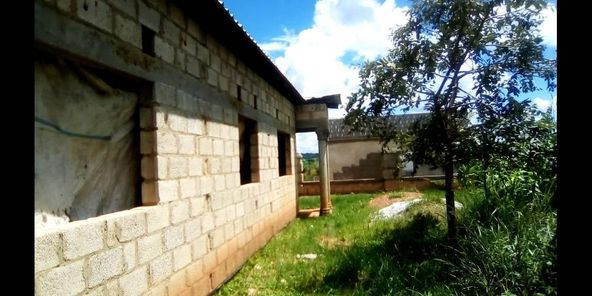 quick-sale-neat-three-bedroom-unfinished-house-in-barlaston-jamaica-big-1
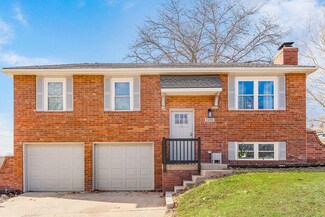 1215 NW Kingston Dr, Blue Springs, MO 64015
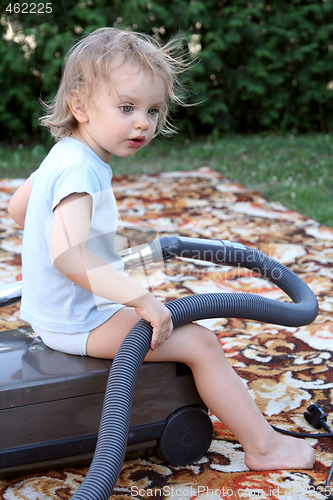 Image of Cleaning carpet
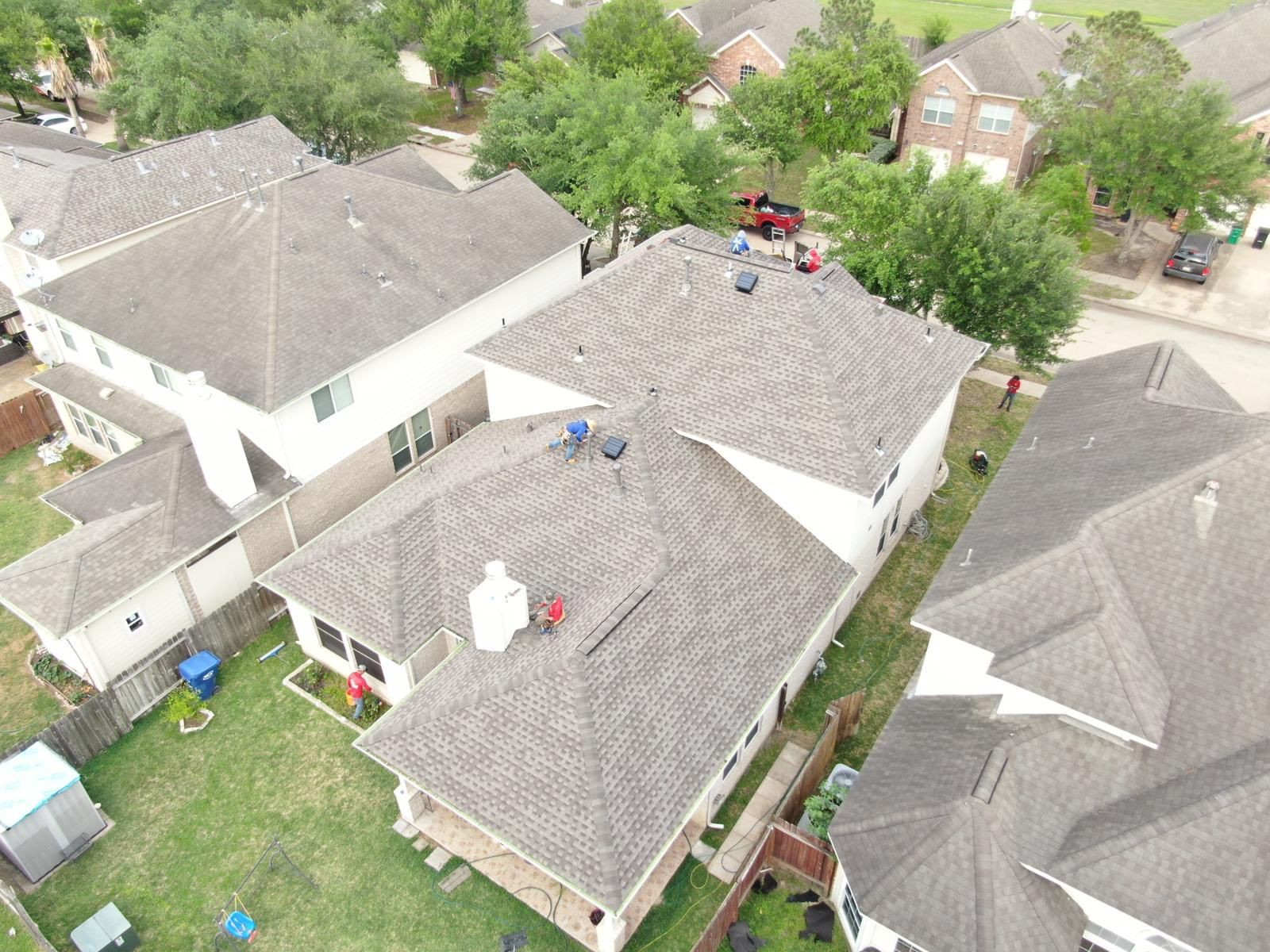 Residential shingle roofing and installation, photograph 7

• ACTION ITEM: Reproduce the data verbatim. Do not carry any picture into the copy.

• ANSWER BOX:
 quick-sale-neat-three-bedroom-unfinished-house-in-barlaston-jamaica-big-1
 1215 NW Kingston Dr, Blue Springs, MO 64015
 Image of Cleaning carpet
 Residential shingle roofing and installation, photograph 7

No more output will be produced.